_WHAT IS NEEDED_.
Pictures stay out of the copy. Retype exactly the lines below from the one with "Music Cassette With Headphones Tattoo Ideas" through the one with "Paire de bouts".

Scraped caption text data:
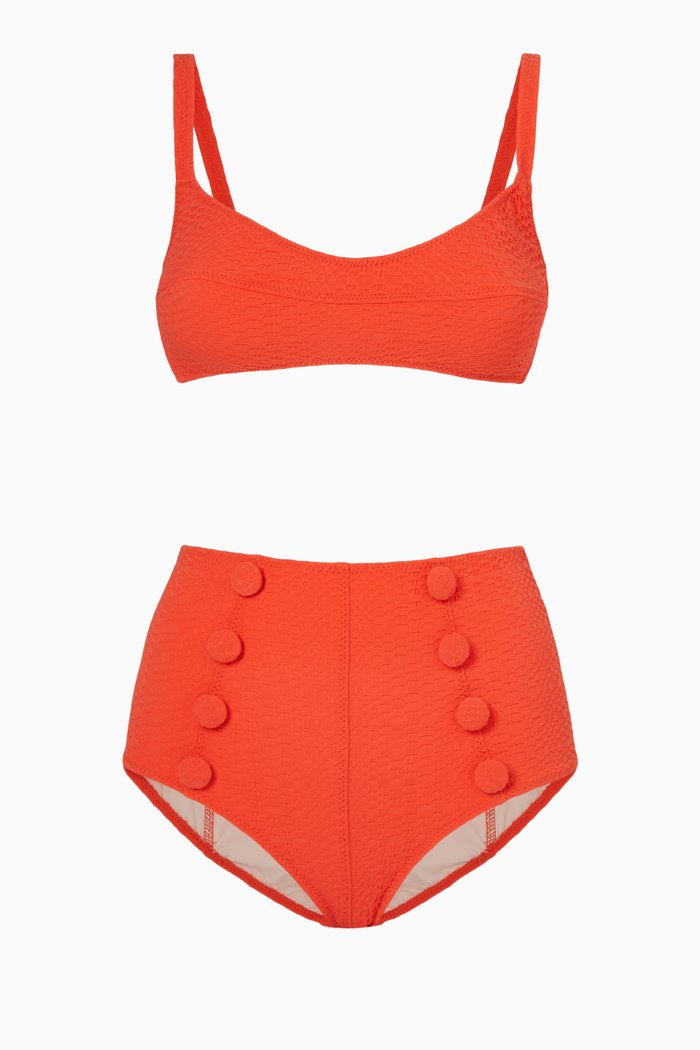 

Balconette High Waist Bikini Set in Seersucker, Red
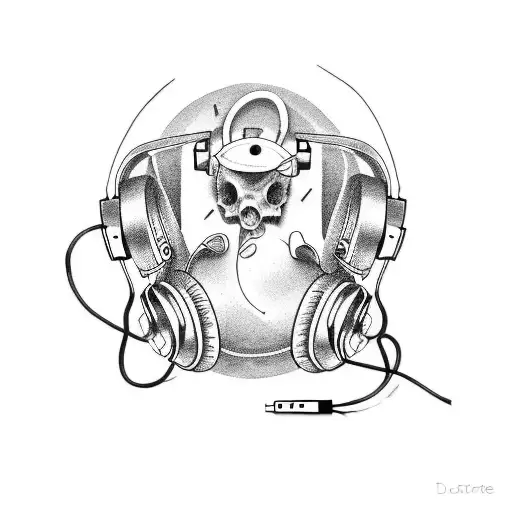 Music Cassette With Headphones Tattoo Ideas
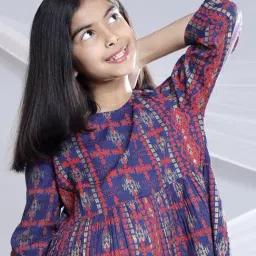 Misbis Girls Blue Comfort Fit Printed Dress image 5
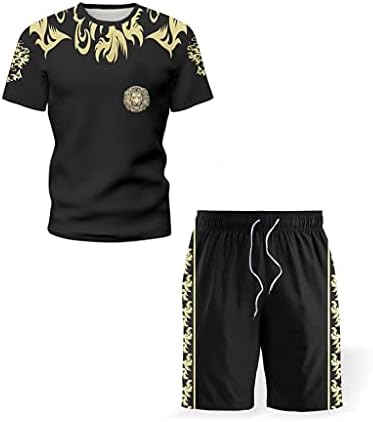 SPNEC Yeni erkek Takım Elbise, Çin Baskı Kısa Kollu Plaj Spor Şort, erkek Takım Elbise (Renk: Siyah, Boyutu: M Kodu)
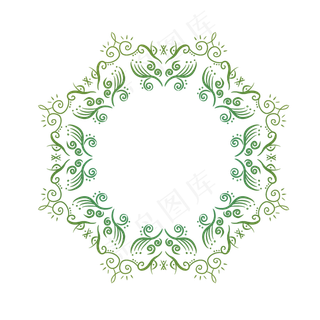 圆形绿色欧式边框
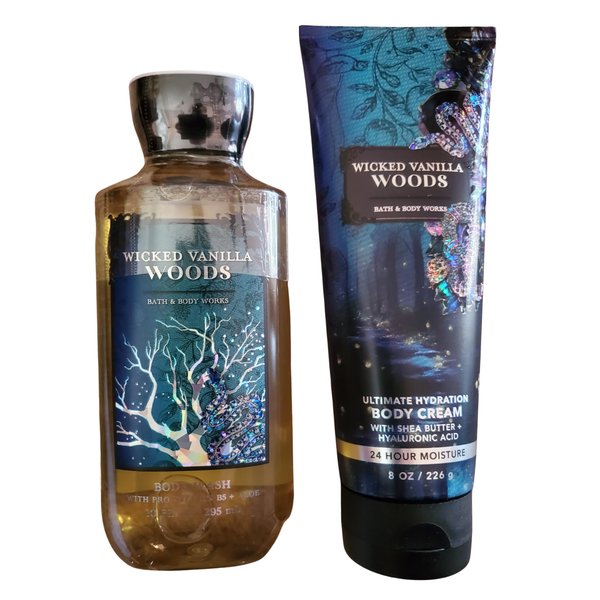 Bath & Body Works Wicked Vanilla Woods Ultimate Hydration Body Cream and Body Gel Wash 2 Piece Set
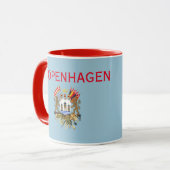 Crête de Copenhague Danemark et tasse de drapeau (Devant gauche)
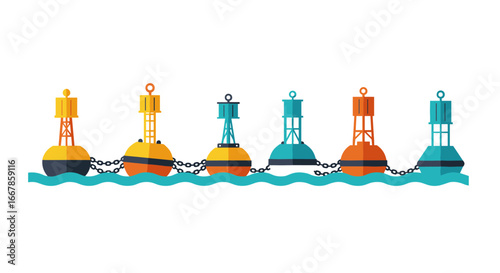 Colorful nautical buoys floating in a calm ocean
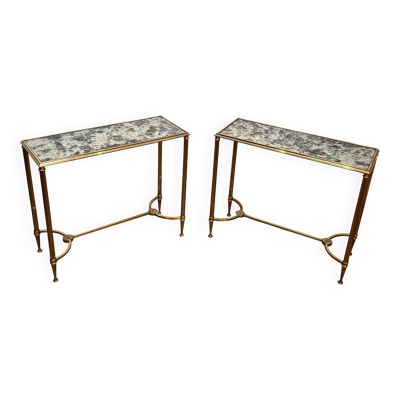 Paire de bouts de canapé en laiton et miroirs antiques de la maison Baguès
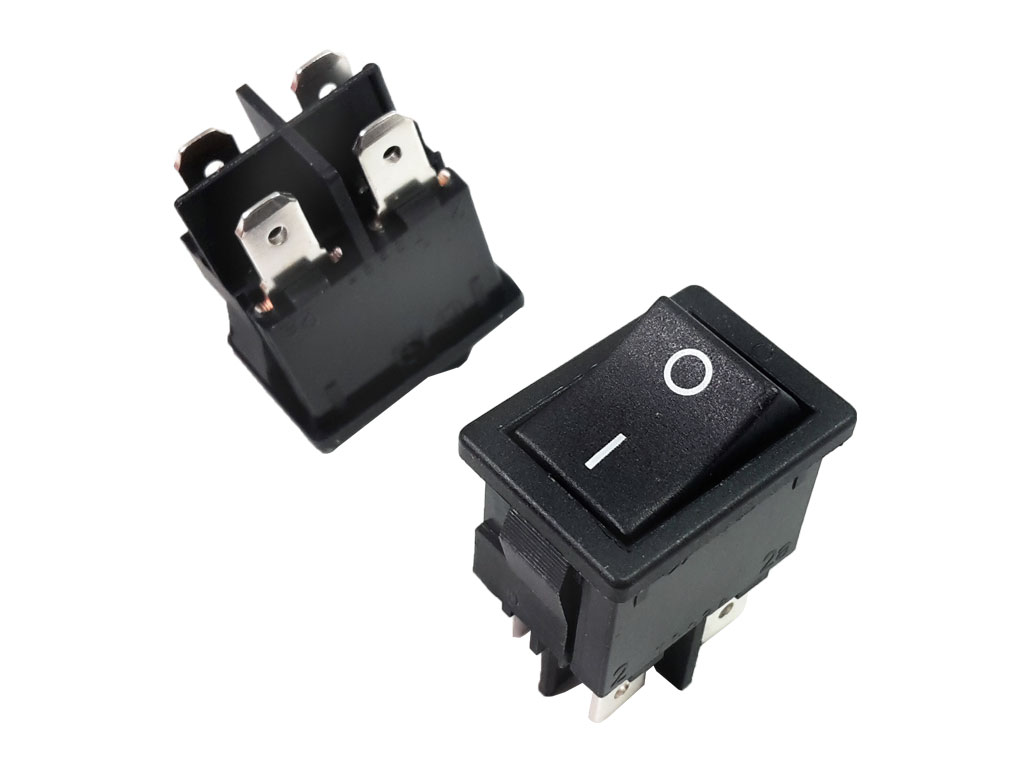 Vypínač kolébkový malý  21x15 mm, dvou pólový, 16A / 250V AC, černý ON-OFF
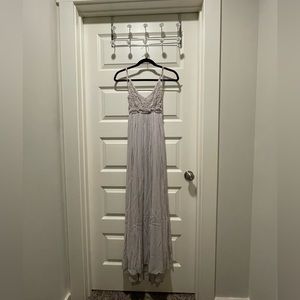 Gray Backless Maxi Dress with Stitching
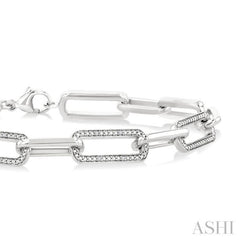 1/10 Ctw Bold Single Cut Diamond Paperclip Fashion Bracelet in Sterling Silver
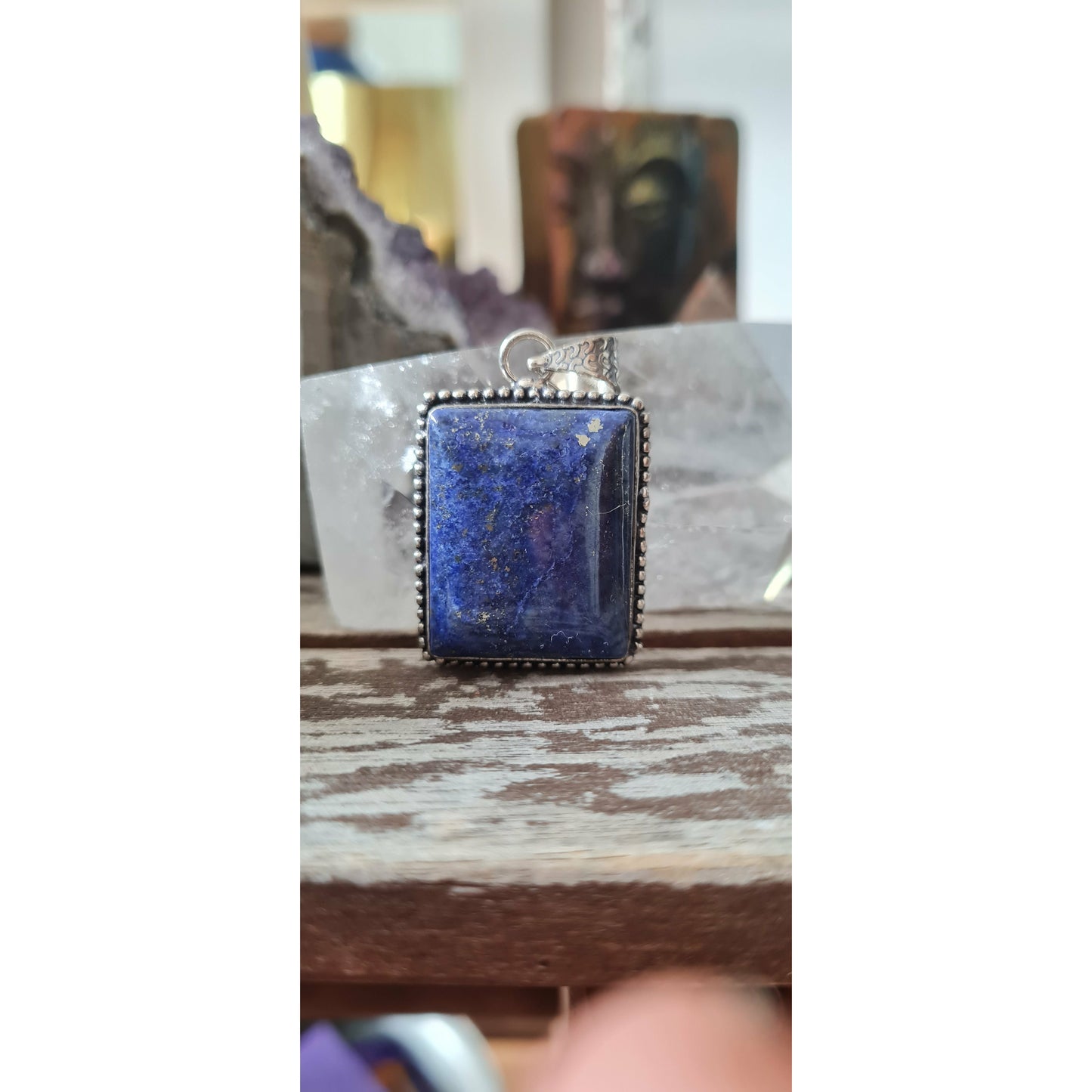 Hänge i lapis lazuli fyrkantigt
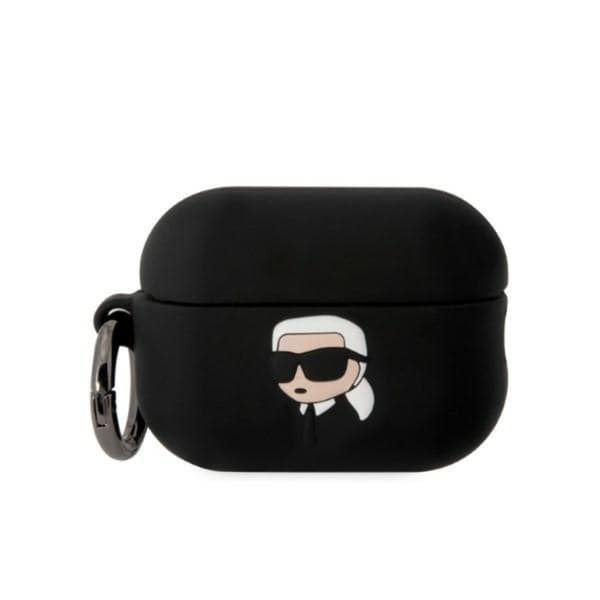 Originalt KARL LAGERFELD KLAP2RUNIKK etui til Apple Airpods Pro 2 (3D Sil NFT Karl / sort)
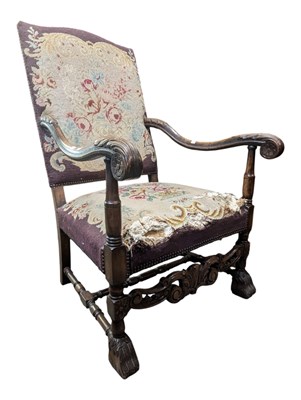 Lot 802 - GEORGE III 19TH CENTURY GAINSBOROUGH NEEDLEPOINT ARMCHAIR
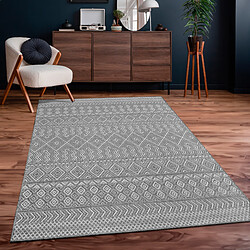 Paco-Home Tapis Exterieur Terrasse Balcon Tapis Cuisine Motif Losange Motif Boho Gris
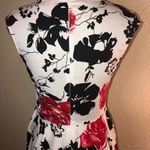 Belle Poque 1950’s Style Ruched White,Black & Red Floral Pin up Dress Size Small White Photo 7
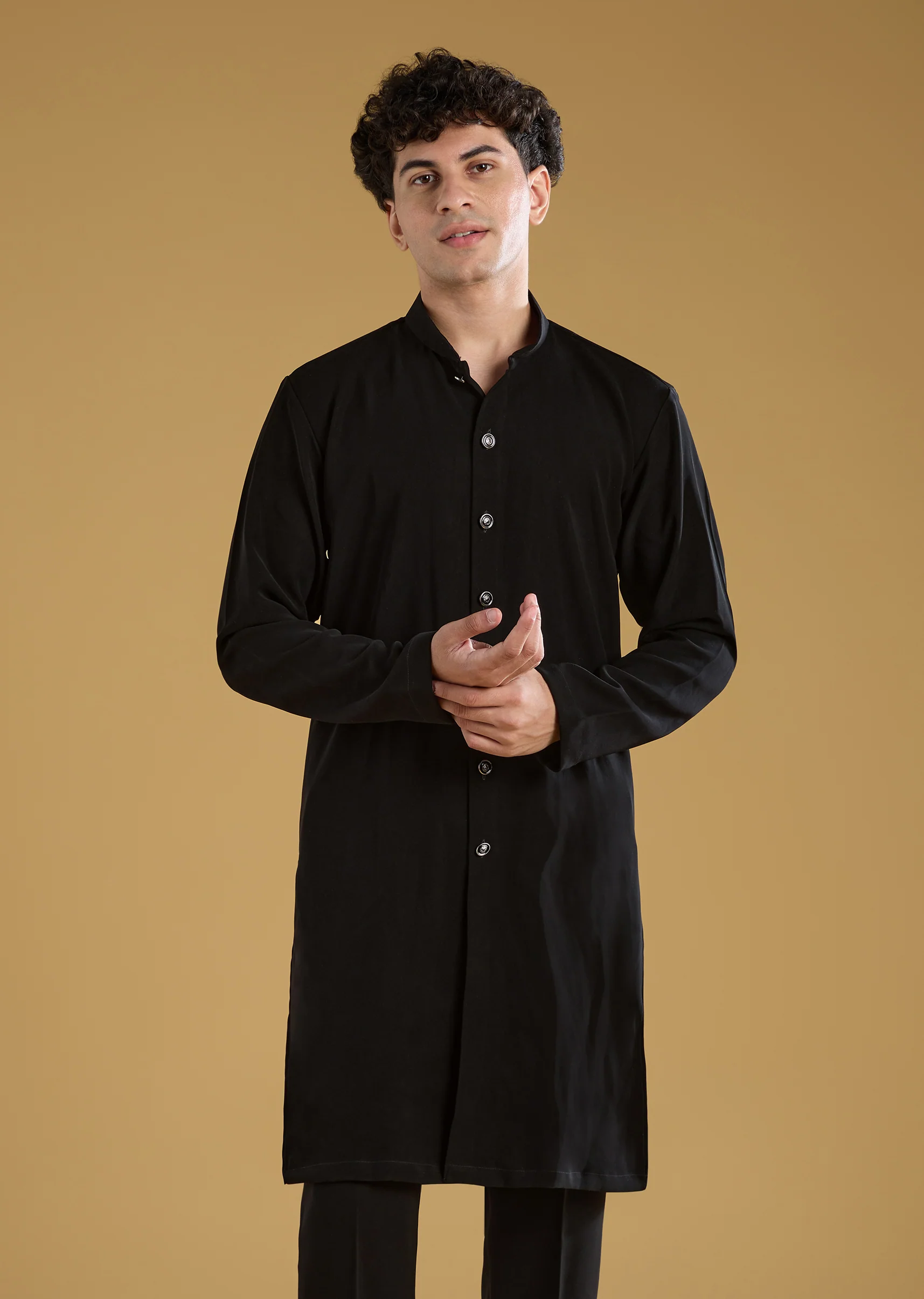 Black Indo Western Set For Men With Beads Work - Image 6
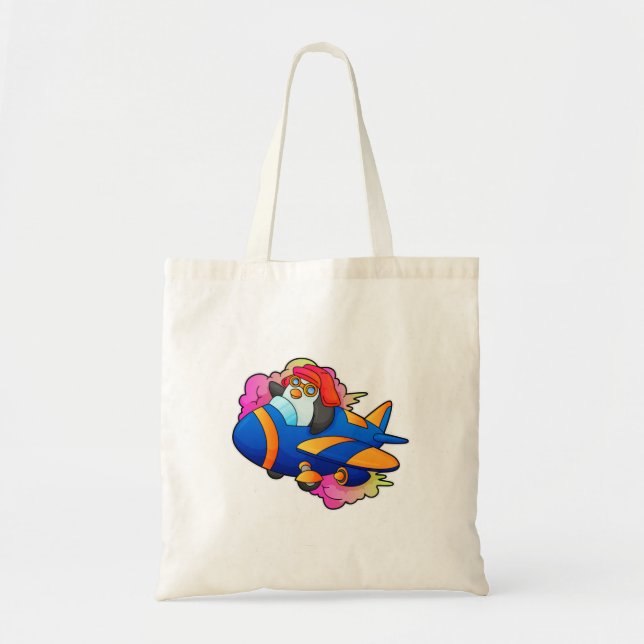 Penguin as Pilot with Plane Tote Bag (Front)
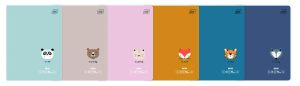 Interdruk Notizheft DIN A5 "BEBE Friends", 16 Blatt (32 Seiten) kariert, 90g/m²,  Softtouch, 6 Designs sortiert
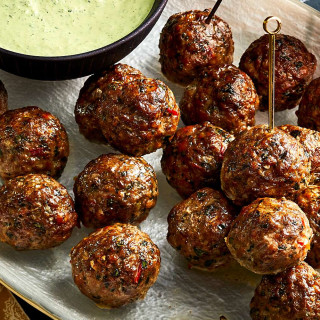 Spicy Lamb Meatballs with Green Goddess Dip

_ANSWER BOX_.
 Music Cassette With Headphones Tattoo Ideas
 Misbis Girls Blue Comfort Fit Printed Dress image 5
 SPNEC Yeni erkek Takım Elbise, Çin Baskı Kısa Kollu Plaj Spor Şort, erkek Takım Elbise (Renk: Siyah, Boyutu: M Kodu)
 圆形绿色欧式边框
 Bath & Body Works Wicked Vanilla Woods Ultimate Hydration Body Cream and Body Gel Wash 2 Piece Set
 Crête de Copenhague Danemark et tasse de drapeau (Devant gauche)
 Colorful nautical buoys floating in a calm ocean
 Paire de bouts de canapé en laiton et miroirs antiques de la maison Baguès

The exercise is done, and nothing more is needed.